----- Records for the task

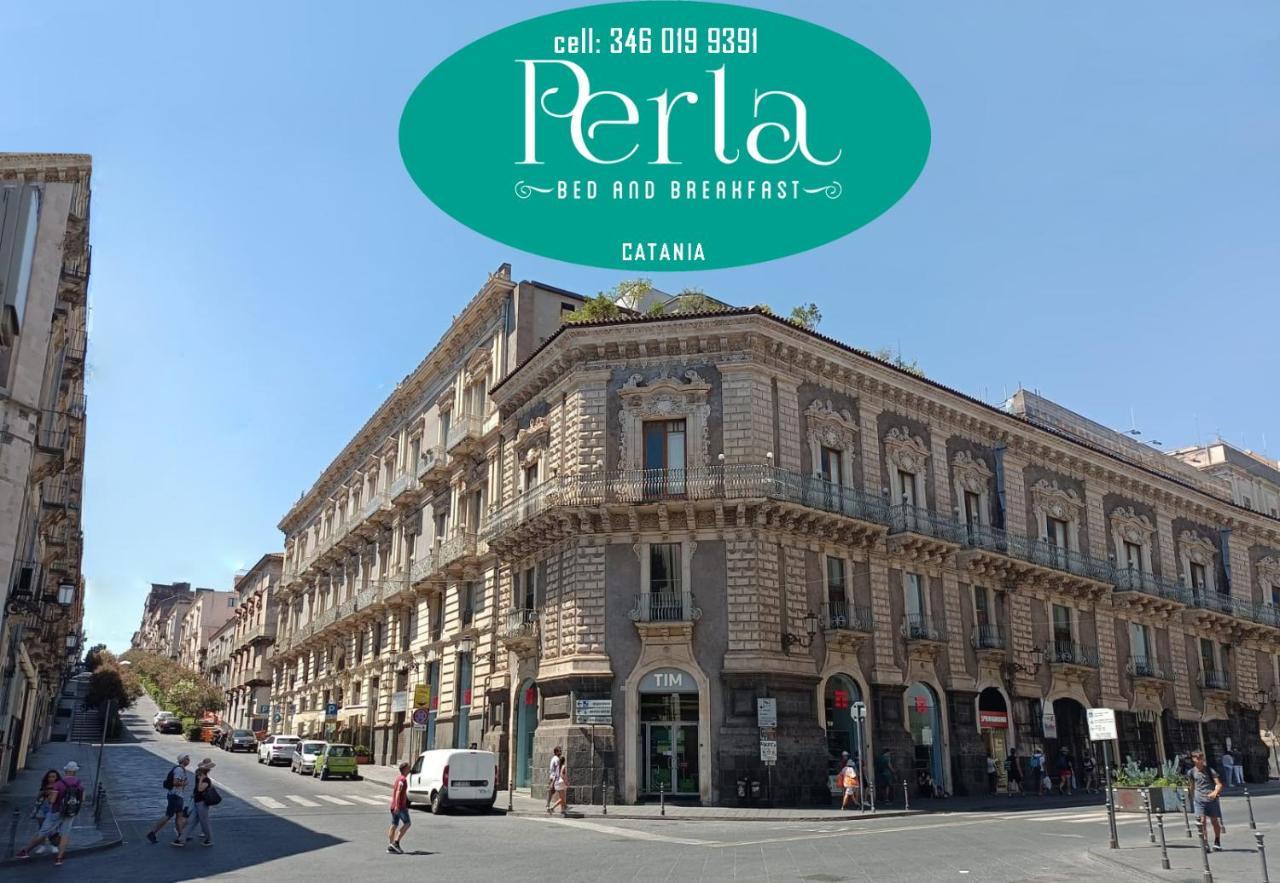 B&B Perla CTA Exterior foto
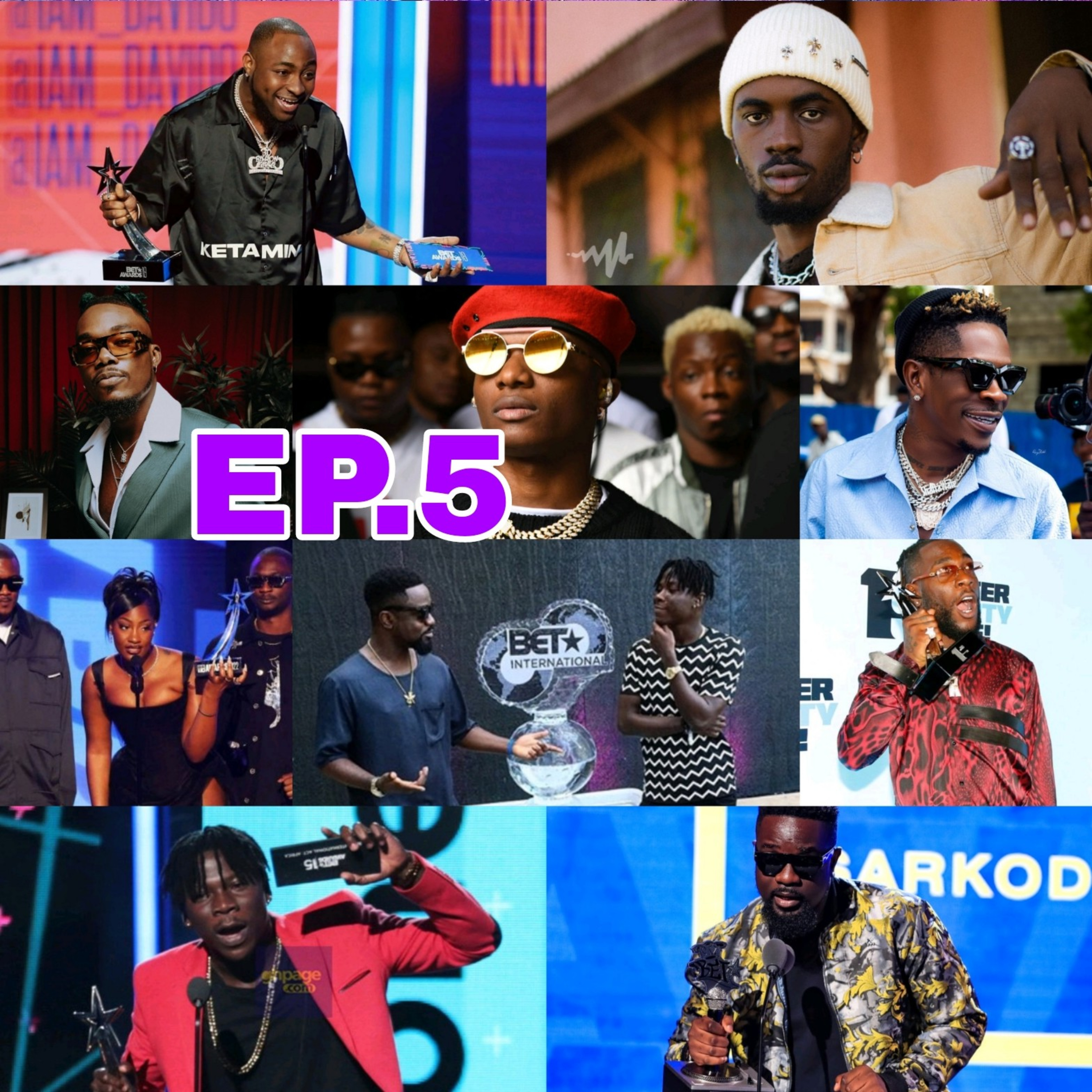 EP.5 What Does It Really Takes To GET Nominated At The B.E.T Awards episode artwork
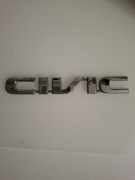 Emblemat Honda Civic 7 generacji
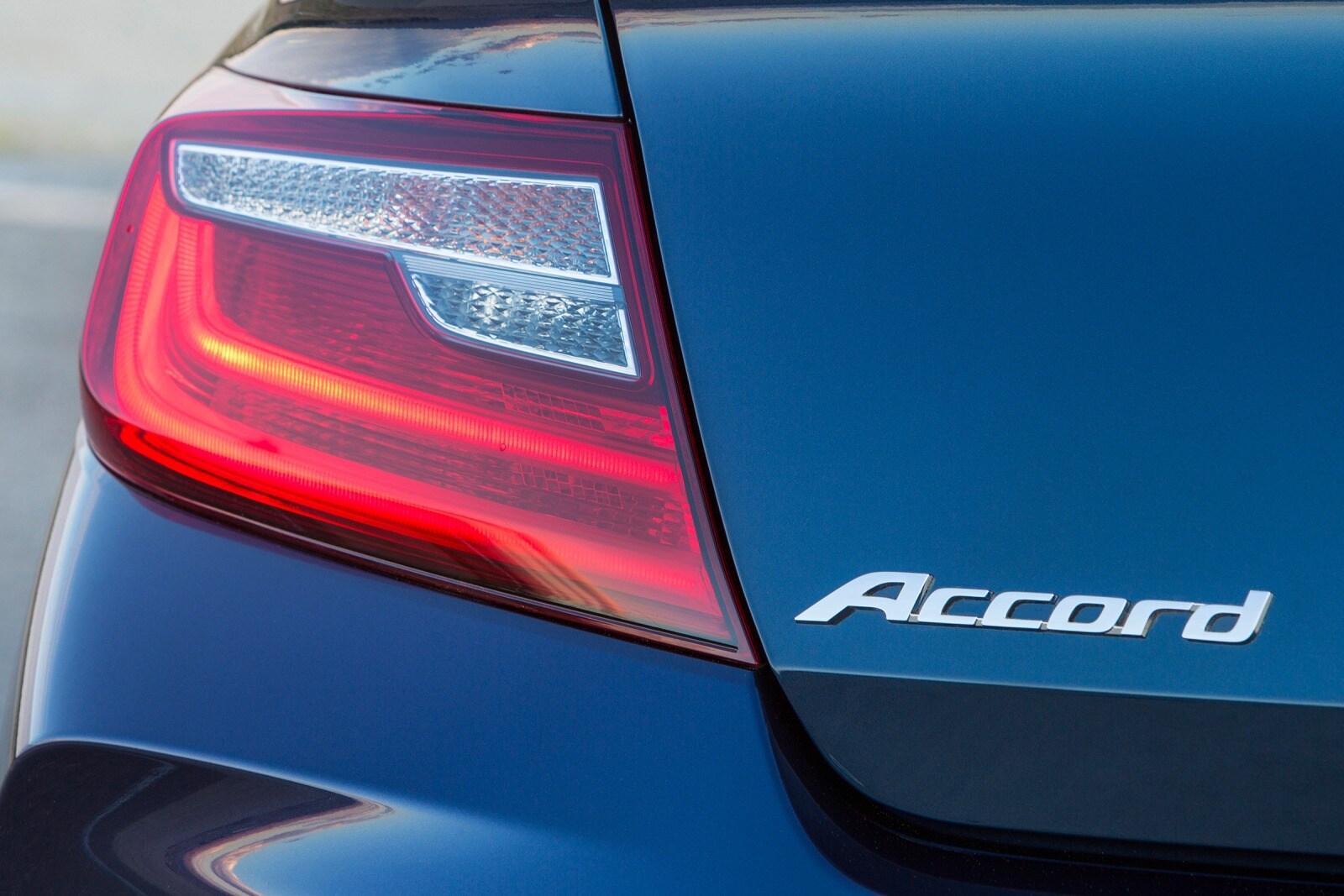 2016 Honda Accord exterior RBDG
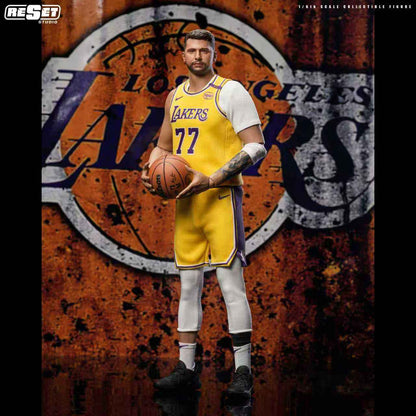 Celebrity Figure ReSet Studio NBA Luka Dončić 1/6 Action Figure (3rd party)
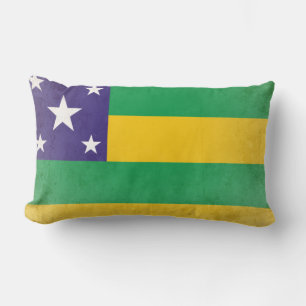 Sergipe Lendenkissen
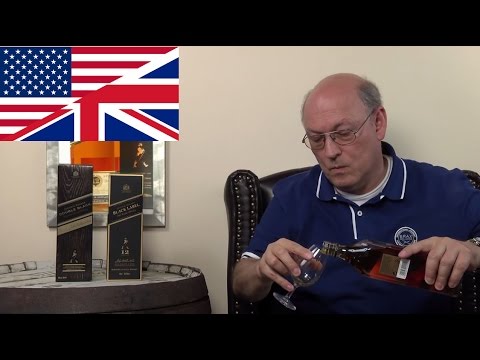 Whisky Review/Tasting: Johnnie Walker Black Label 12 years old
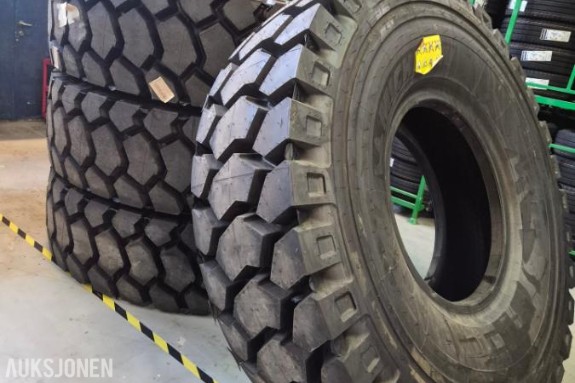 4 STK MICHELIN X-TRACTION 21.00R33 E4T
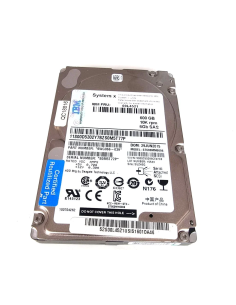 IBM 600GB SAS ST600MM0006 10K 6G 2,5 00L4521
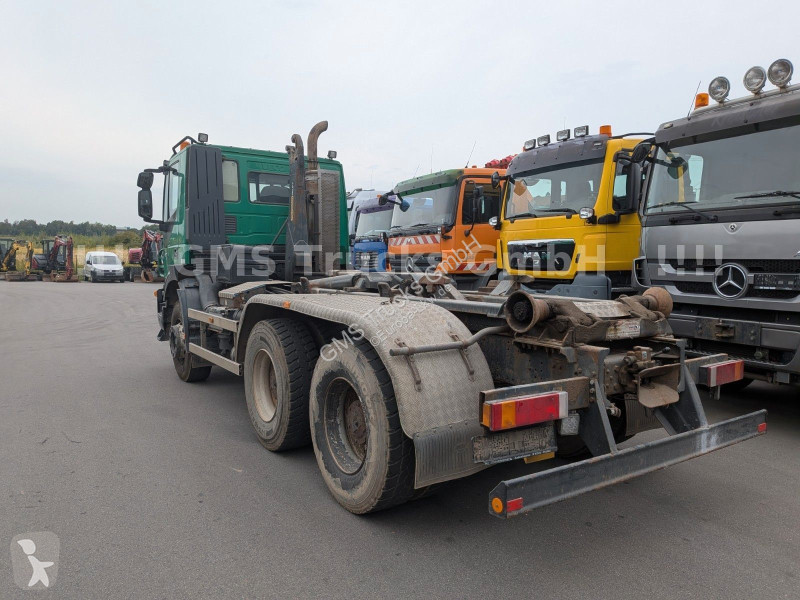 Camion Iveco 410 / 6X4 / Full steel / Manual...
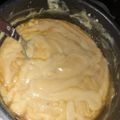 El cooksnap de paula cuando hizo Maicena con leche y caramelo😋.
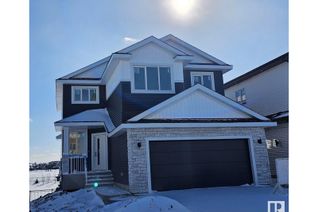 House for Sale, 45 Edgefield Wy, St. Albert, AB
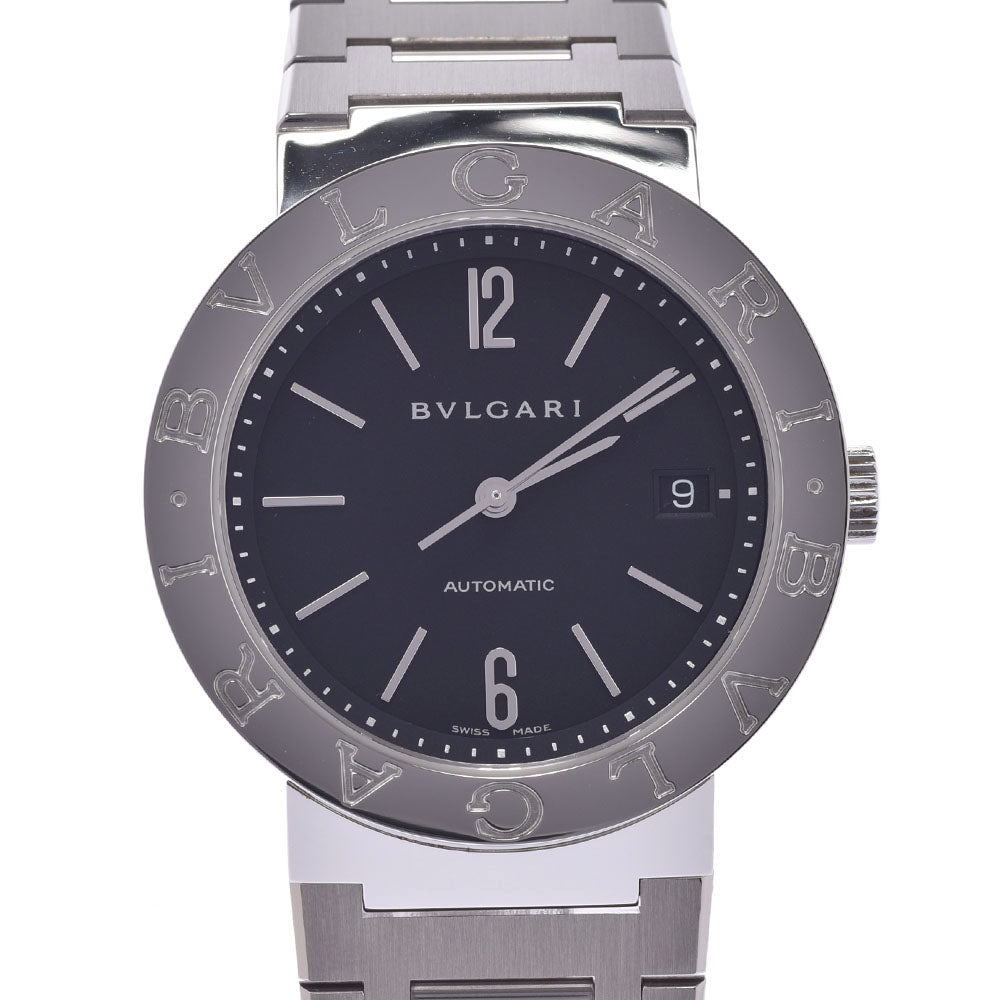ブルガリブルガリブルガリ38 メンズ 腕時計 BB38SSAUTO BVLGARI 中古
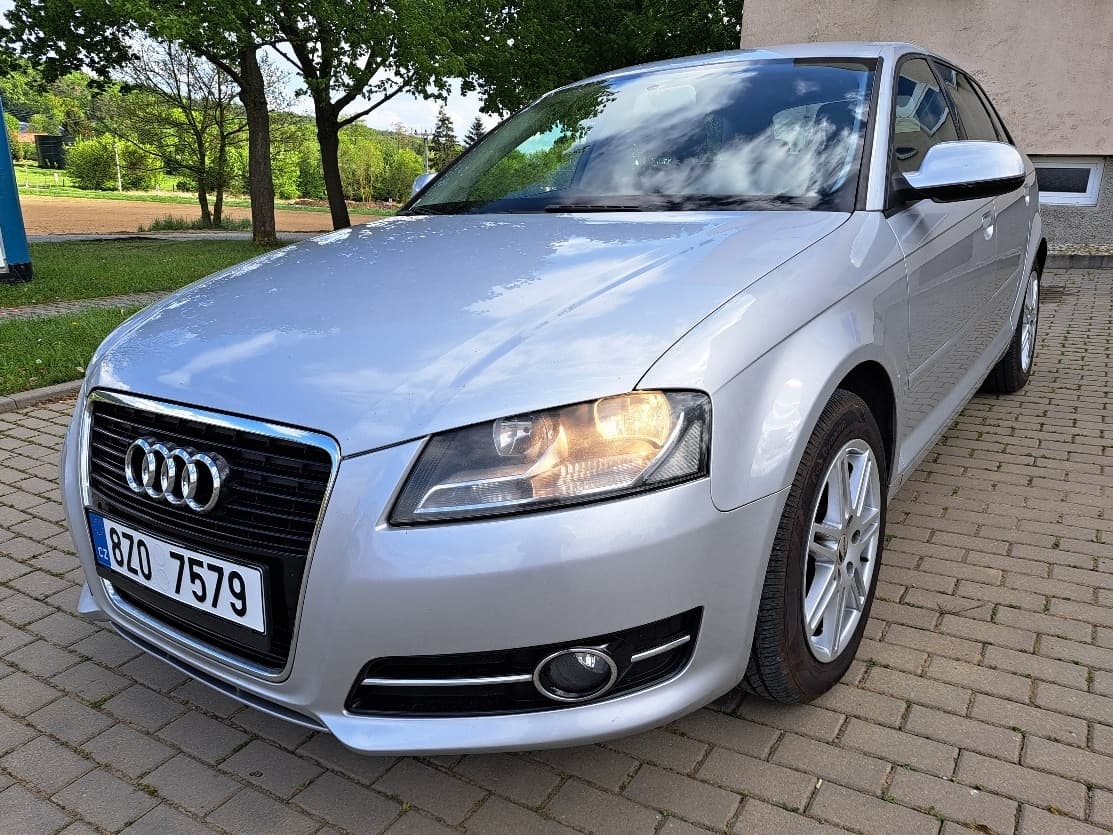 2012 Audi A3 - 5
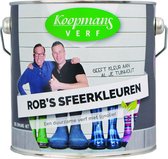 Rob's Sfeerkleuren 595 Spaans Wit 2,5L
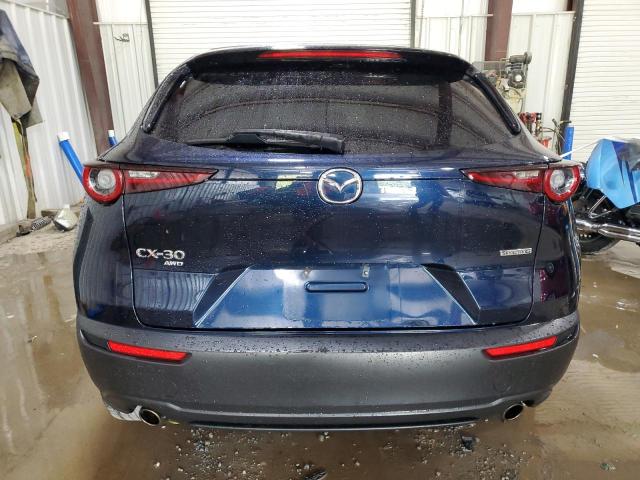  MAZDA CX30 2021 Blue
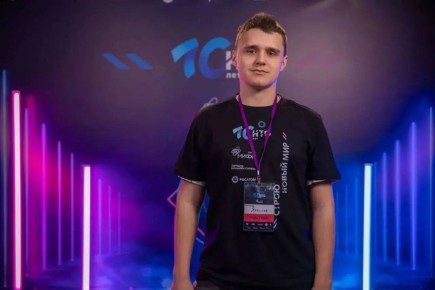 Липецкий школьник – победитель Национальной технологической олимпиады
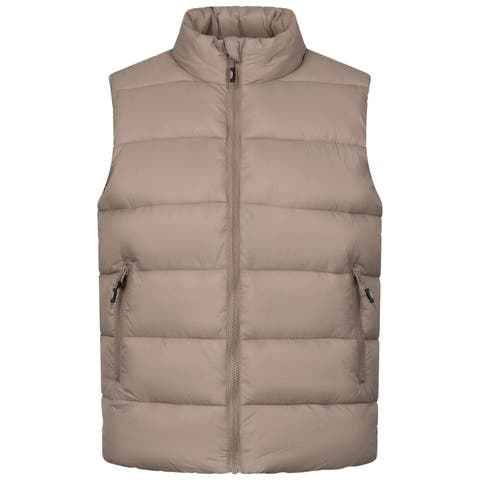 Simone Padded Casual Vest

----------

Exercise prompt
In the data, the line that contains "Camion Iveco 410" begins the part to write out; restate it and each line after it word for word through the end, with no pictures.

Answer box
 Camion Iveco 410 / 6X4 / Full steel / Manual...
 El cooksnap de paula cuando hizo Maicena con leche y caramelo😋.
 House for Sale, 45 Edgefield Wy, St. Albert, AB
ブルガリブルガリブルガリ38 メンズ 腕時計 BB38SSAUTO BVLGARI 中古
 2012 Audi A3 - 5
 Rob's Sfeerkleuren 595 Spaans Wit 2,5L
  MAZDA CX30 2021 Blue
 Липецкий школьник – победитель Национальной технологической олимпиады
 Simone Padded Casual Vest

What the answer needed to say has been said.